この文を写しているうちに、散文の良さを教えてくれる文のような気がしてきた。
「跡目を継ぐことになった」という微妙な表現に、こうした制度への疑念やらが感じられてくる。
「隙あらば」「少しでもいい思いをしよう」という言葉から、現代社会を抜け目なく渡ってゆく黒い輩の姿が浮かんでくる。
「無知」「動物的な習性」という言い方に悲しき私たちの在り方を思う。
不可思議な制度を、ずる賢い連中たちを、哀れなる私たち自身を、まさに無駄のない的確な言葉の三連発でずばりと語った後にくるのは、「〈蟻の思想〉の扶植」である。

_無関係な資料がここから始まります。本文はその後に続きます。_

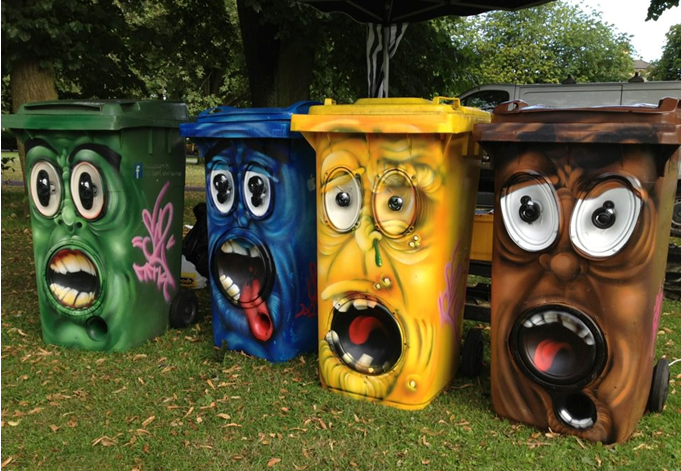 Funky on sale waste bins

「〈蟻の思想〉の扶植」というよくは分からないながら、イメージをモコモコ自由に喚起させる不思議な語句が待ち受けている。無駄のない表現の後だから、この不可思議な言葉の結びつきが心に迫って、「自由にイメージせよ」と呼びかけてくる。
こうした構成に散文ならではの魅力を思う。
またストーリーから離れて、読み手に発想を自由に委ねてくれる……そんな詩歌と変わらない魅力が本来なら散文、小説にはあるのだなあと思う。
跡目を継ぐことになった次の天皇を
隙あらば象徴以上の地位に返り咲かせて
少しでもいい思いをしようと企む輩は、
国民の無知と強い者には訳もなく従うという動物的な習性に付け入って
またしても〈蟻の思想〉の扶植に熱を入れ始めていた。